Source data ->
________
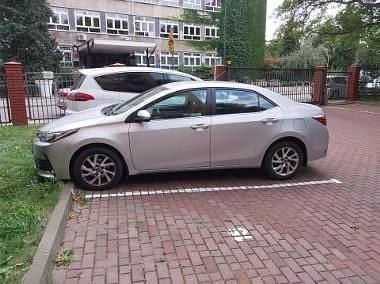 Srebrny (metalik) Używany 2017 Toyota Corolla Comfort Sedan/Limuzyna | 49 000 zł (Uczciwa cena) - Obraz 1/4
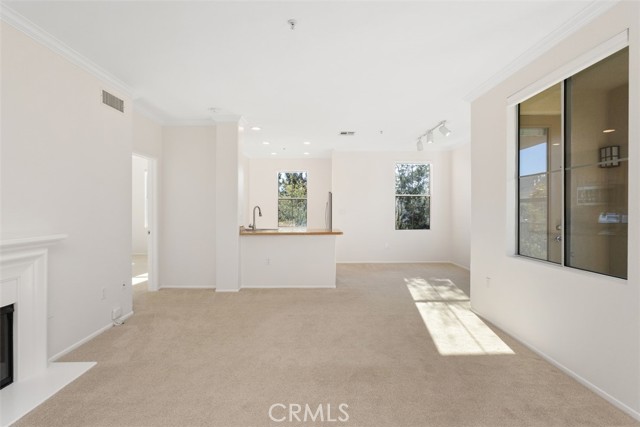 MLS #OC25247555 image #4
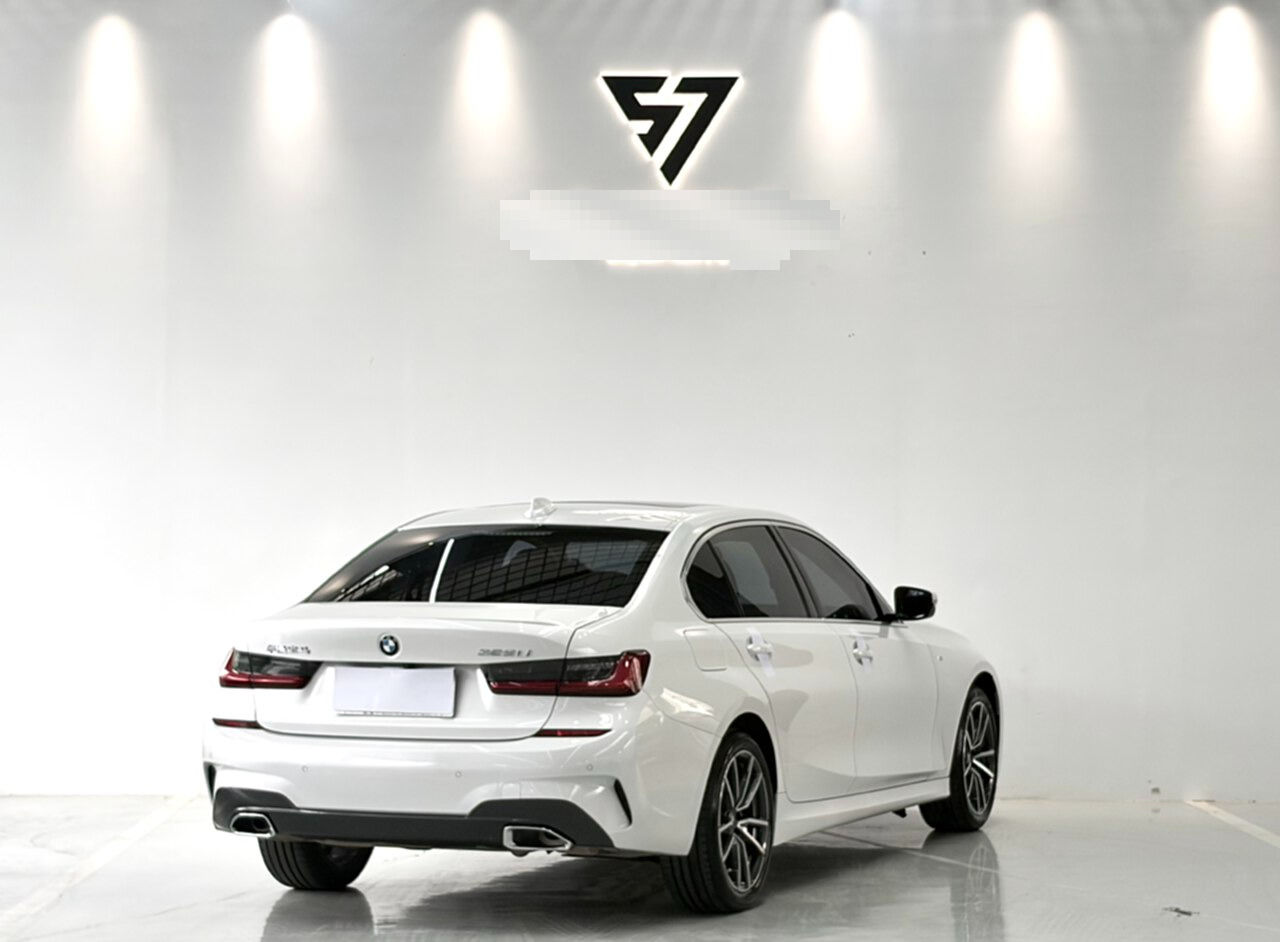 BMW 3 Series 2021 #8 BMW 3 Series 2021 car image #8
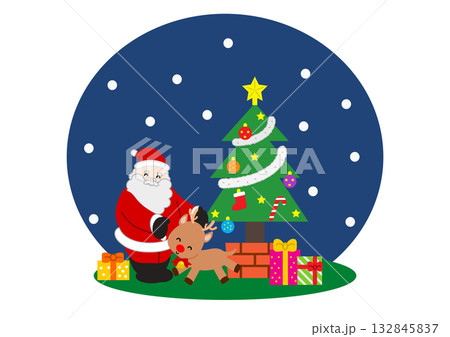 クリスマスツリーの前のサンタとトナカイ 132845837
________
Required action -> Leave the pictures out and output all of the data verbatim.

Exercise output ->
 Srebrny (metalik) Używany 2017 Toyota Corolla Comfort Sedan/Limuzyna | 49 000 zł (Uczciwa cena) - Obraz 1/4
 MLS #OC25247555 image #4
 BMW 3 Series 2021 #8 BMW 3 Series 2021 car image #8
 クリスマスツリーの前のサンタとトナカイ 132845837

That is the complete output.